Find the intervals of increase and decrease for the following function
h(x)=(x^3)(x-1)^4
h'(x)=[(3x^2)(x-1)^4]+(4x^3)(x-1)^3
How do I find the zeros?
Thanks.
The zeros of the derivative or the zeros of the function ?
I will assume you want the zeros of the derivative.
factor it first
= x^2(x-1)^3[4x + 3(x-1)]
= x^2(x-1)^3(7x-3)
we set this equal to zero to get
x = 0, x = 1 and x = 3/7
remember that the function increases when the first derivative is positive, and decreases when that derivative is negative.
Can you take it from here ?
Do you factor it by taking the lowest ^ ? I can continue from there, thanks! :)
The answer key indicated that 0 is not a zero.
Your question was,
"how do I find the zeros"
x = 0 is a solution to h(x) = 0 and h'(x) = 0
If x=0, shouldn't it be used to determine the increase and decrease?
To find the intervals of increase and decrease for the given function, you need to analyze the signs of its derivative, h'(x). Intervals where h'(x) is positive represent intervals of increase, while intervals where h'(x) is negative represent intervals of decrease.
To find the zeros of h'(x), which correspond to critical points or possible inflection points of the function h(x), we need to solve the equation h'(x) = 0.
So, let's solve for h'(x) = 0:
[(3x^2)(x-1)^4]+(4x^3)(x-1)^3 = 0
First, we can factor out a common term of (x-1)^3 from each term:
(x-1)^3 [(3x^2)(x-1) + 4x^3] = 0
Now, we have (x-1)^3 as a common factor. So, either (x-1)^3 = 0 or [(3x^2)(x-1) + 4x^3] = 0.
1. Solving (x-1)^3 = 0:
(x-1)^3 = 0 implies x-1 = 0, since any number cubed and equal to 0 must be 0.
So, x - 1 = 0 gives us x = 1.
2. Solving [(3x^2)(x-1) + 4x^3] = 0:
To solve this equation, we distribute and rearrange the terms:
3x^3 - 3x^2 + 4x^3 = 0
7x^3 - 3x^2 = 0
Factoring out a common term of x^2:
x^2(7x - 3) = 0
This equation is satisfied if either x^2 = 0 or 7x - 3 = 0.
a) Solving x^2 = 0:
x^2 = 0 implies x = 0.
b) Solving 7x - 3 = 0:
7x - 3 = 0 implies 7x = 3, and dividing both sides by 7 gives x = 3/7.
So, the zeros of h'(x) are x = 1, x = 0, and x = 3/7.
Now, to determine the intervals of increase and decrease, we need to create a sign chart by examining intervals between these critical points and outside them.

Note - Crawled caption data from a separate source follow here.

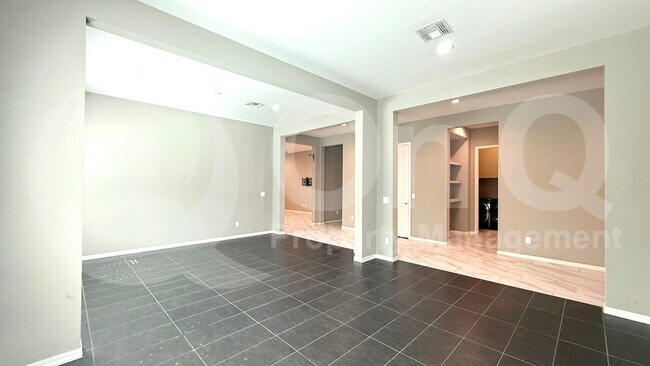 Building Photo - 5530 N 107th Ln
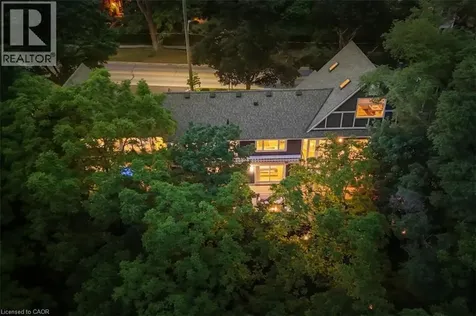 382 Trafalgar Road Oakville ON L6J 3H5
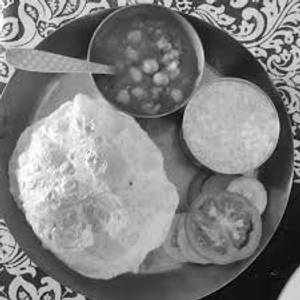 Chole Bhature [2 Bhature] With Raita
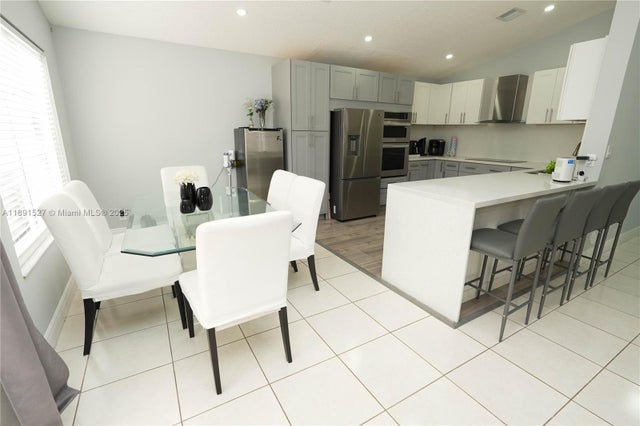 5 of 27 - 3460 Nw 21st St, Coconut Creek, FL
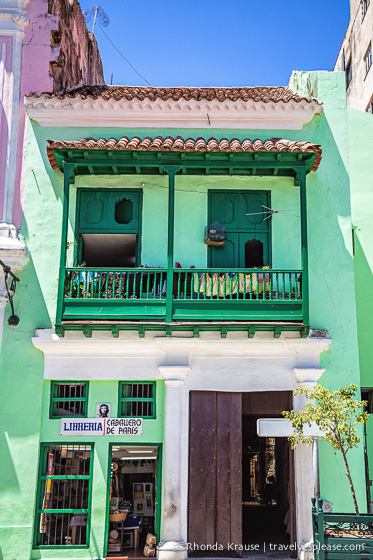 travelyesplease.com | Colours of Cuba- Photo Series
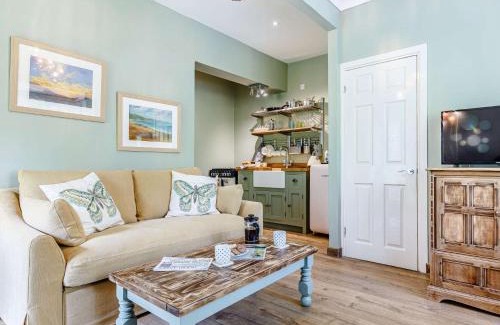 Heligan House | 1 Bed in Bovey Tracey BBELL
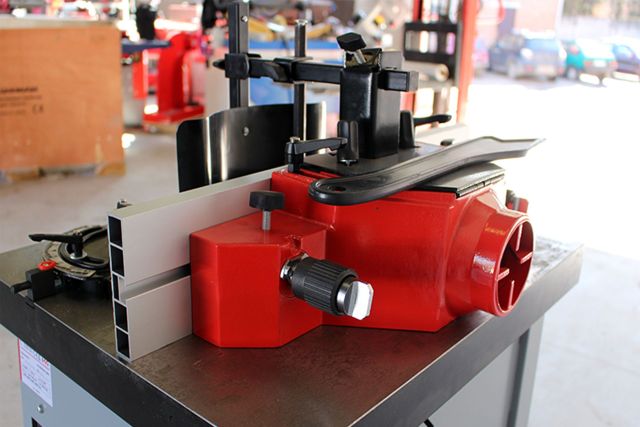 Фрезерный станок по дереву Holzmann FS 160SOLID...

Check the sign of h'(x) in the intervals (-∞, 0), (0, 3/7), (3/7, 1), (1, ∞). Plug any test point from each interval into h'(x) to determine the sign.
For example, taking a test point in the interval (-∞, 0), such as x = -1, evaluating h'(-1) will give you a positive value. Repeat this process for the remaining intervals to determine the signs of h'(x) in each interval.
Based on the signs of h'(x) in the intervals, you can determine which intervals represent intervals of increase and which represent intervals of decrease for the function h(x)=(x^3)(x-1)^4.